MuTect – a pleasant surprise

I was sceptical (not a typo, I’m British).  Who wouldn’t be?  I’d invested literally hundreds of hours into my sequencing pipeline which depended almost entirely around GATK and even recently re-tooled to accommodate the sweeping changes brought by GATK 2.0 and it’s great, truly.  However….

I had been enviously eyeing up MuTect for quite some time, as it was always built from the ground-up to serve one of the purposes I am currently knee-deep in; finding mutations in tumour-normal pairs.  To be clear, I mean comparing sequencing data from a tumour samples with a normal sample from the same patient.  On the other hand, I gather GATK has its roots in GWAS studies and has always been more population-focussed.

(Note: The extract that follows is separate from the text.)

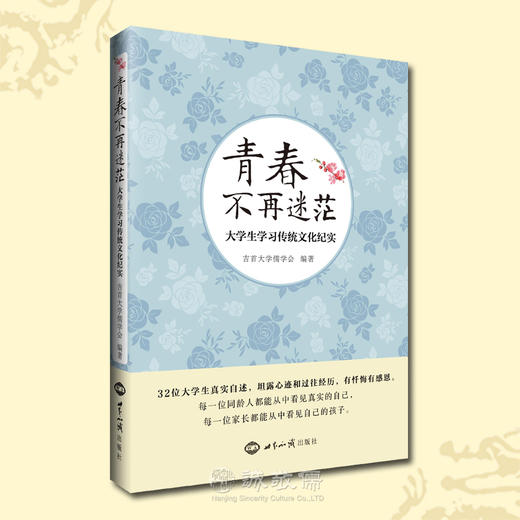 大学生学习传统文化真实受益《青春不再迷茫》励志  诚敬儒文化正版书 商品图0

The problem we’re all wrestling with currently – which, by it’s very nature, is never going away – is intraclonal heterogeneity, the idea that cancers are not monocultures of billions of copies of the same cell, but are highly heterogeneous mixes of potentially thousands (millions?) of individual clones, all of which are descended from (probably) one originator cell.  These clones compete with one another for resources in their niche and are effectively locked in an arms-race with one another, as well as with the host body.  Cancer patients are not facing a single entity, but a legion of cells that reinvent, mutate and transfigure themselves in the best Darwinian tradition.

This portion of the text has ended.